- **Work required**: Every line in the data below from the one containing "When to monitor: the" down to the one containing "This is a brand", both included, must be retyped exactly; no other line is to appear.

- **Dataset records**:
----

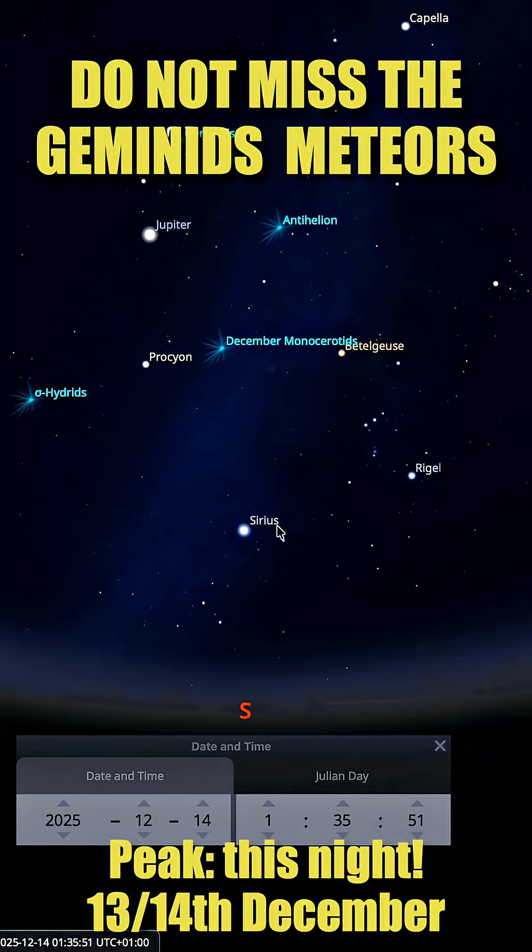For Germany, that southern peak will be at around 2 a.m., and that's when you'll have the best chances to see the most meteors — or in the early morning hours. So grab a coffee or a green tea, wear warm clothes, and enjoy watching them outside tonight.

----

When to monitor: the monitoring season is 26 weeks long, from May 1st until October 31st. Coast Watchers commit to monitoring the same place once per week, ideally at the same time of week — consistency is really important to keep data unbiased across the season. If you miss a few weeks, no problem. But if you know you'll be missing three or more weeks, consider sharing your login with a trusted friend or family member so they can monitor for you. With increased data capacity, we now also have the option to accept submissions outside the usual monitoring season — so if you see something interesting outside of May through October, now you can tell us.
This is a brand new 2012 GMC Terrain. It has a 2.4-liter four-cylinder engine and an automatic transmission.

----

- **Result of the exercise**:
When to monitor: the monitoring season is 26 weeks long, from May 1st until October 31st. Coast Watchers commit to monitoring the same place once per week, ideally at the same time of week — consistency is really important to keep data unbiased across the season. If you miss a few weeks, no problem. But if you know you'll be missing three or more weeks, consider sharing your login with a trusted friend or family member so they can monitor for you. With increased data capacity, we now also have the option to accept submissions outside the usual monitoring season — so if you see something interesting outside of May through October, now you can tell us.
This is a brand new 2012 GMC Terrain. It has a 2.4-liter four-cylinder engine and an automatic transmission.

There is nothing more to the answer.